Wherever a picture appears, leave it out, and transcribe the rest of the records exactly.

=== Recorded data ===

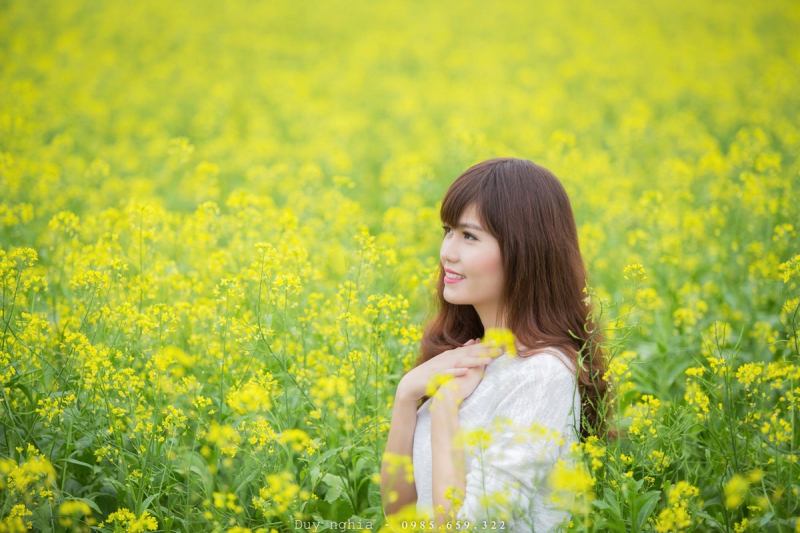 Mùa hoa cải lại về
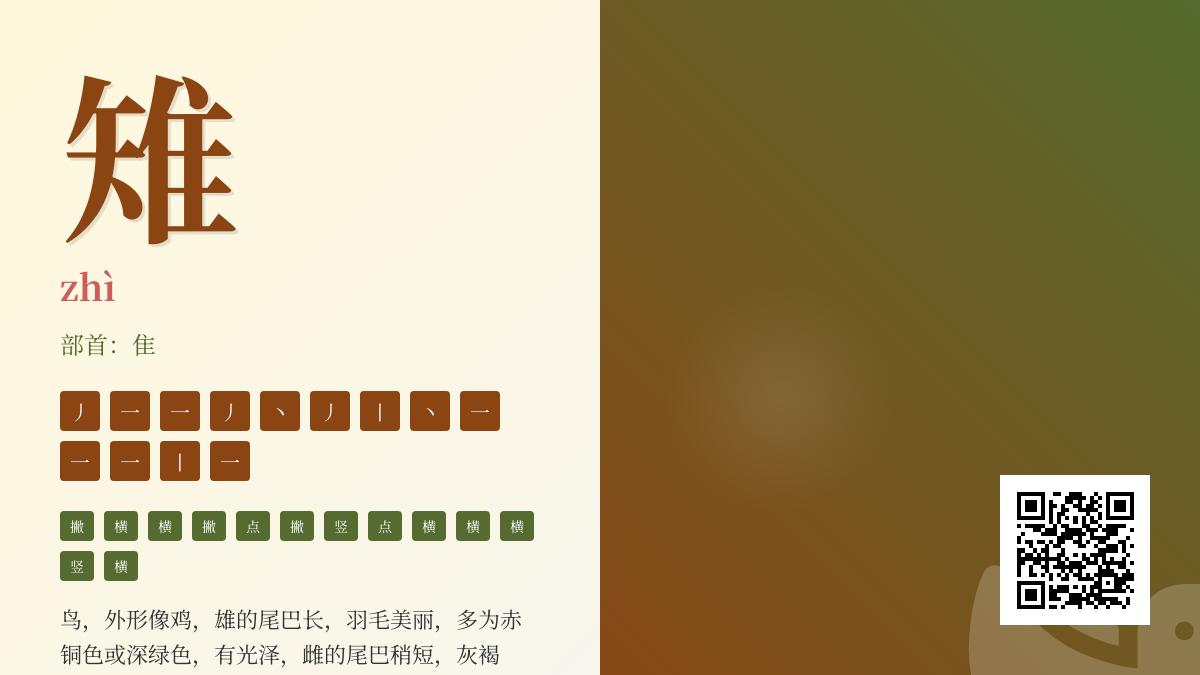 雉的正确读音是什么 拼音笔顺部首含义详解与雉字文化解析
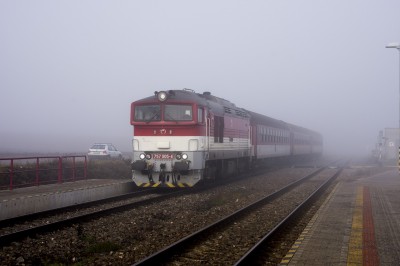 Zobrazi� cel� fotku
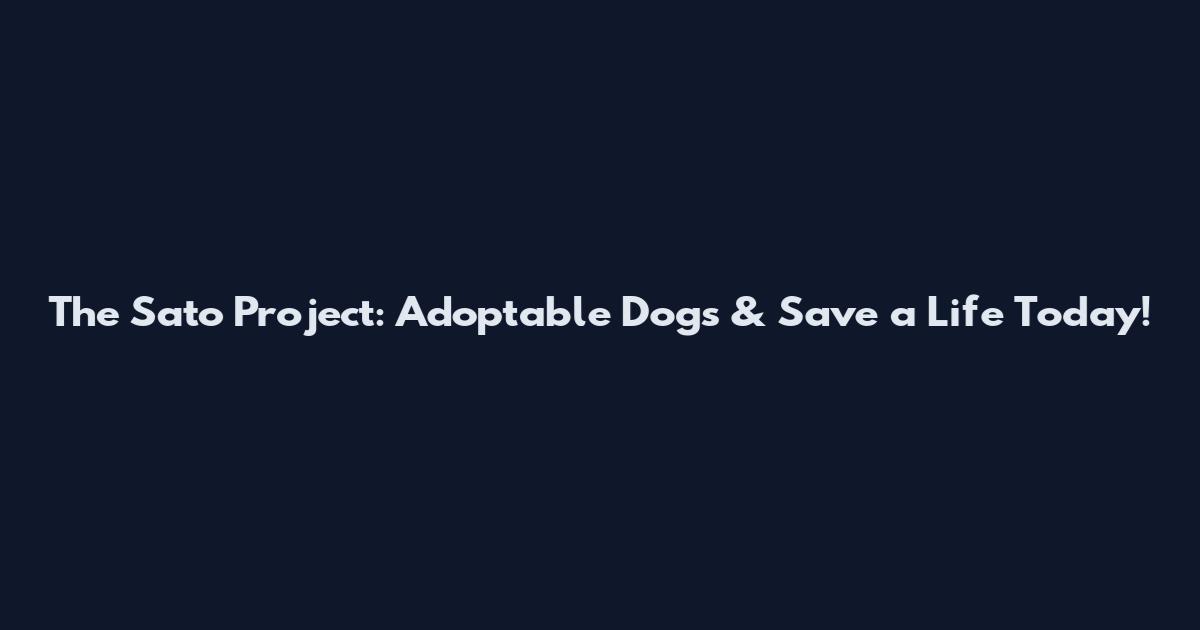 The Sato Project: Adoptable Dogs & Save a Life Today!
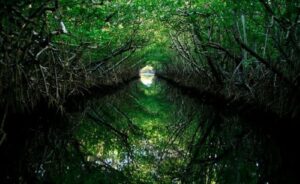 Study maps future hotspots of CO2 emissions due to mangrove loss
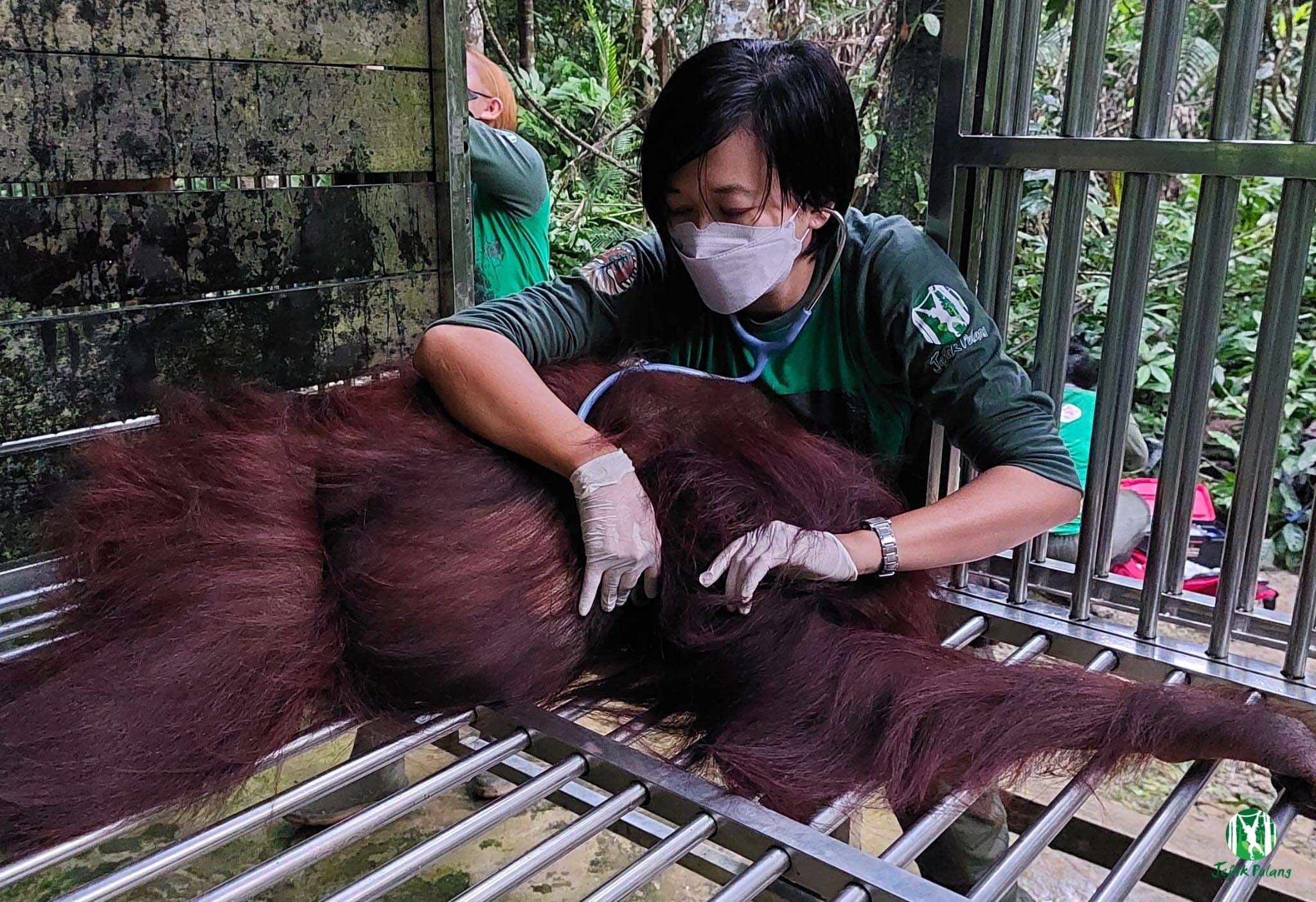 Fransiska Sulistyo monitors vital signs of an orangutan under general anaesthesia. Credit: Signe Preuschoft/Yayasan Jejak Pulang.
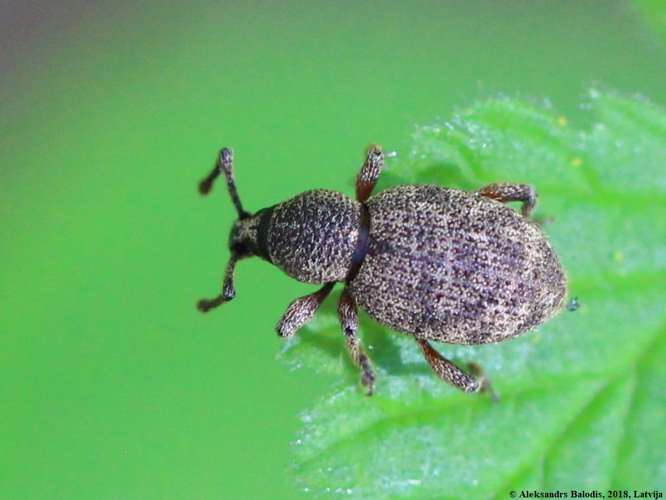 Otiorhynchus veterator 01.JPG &copy; AfroBrazilian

===

Answer to this task -
 Mùa hoa cải lại về
 雉的正确读音是什么 拼音笔顺部首含义详解与雉字文化解析
 Zobrazi� cel� fotku
 The Sato Project: Adoptable Dogs & Save a Life Today!
 Study maps future hotspots of CO2 emissions due to mangrove loss
 Fransiska Sulistyo monitors vital signs of an orangutan under general anaesthesia. Credit: Signe Preuschoft/Yayasan Jejak Pulang.
 Otiorhynchus veterator 01.JPG &copy; AfroBrazilian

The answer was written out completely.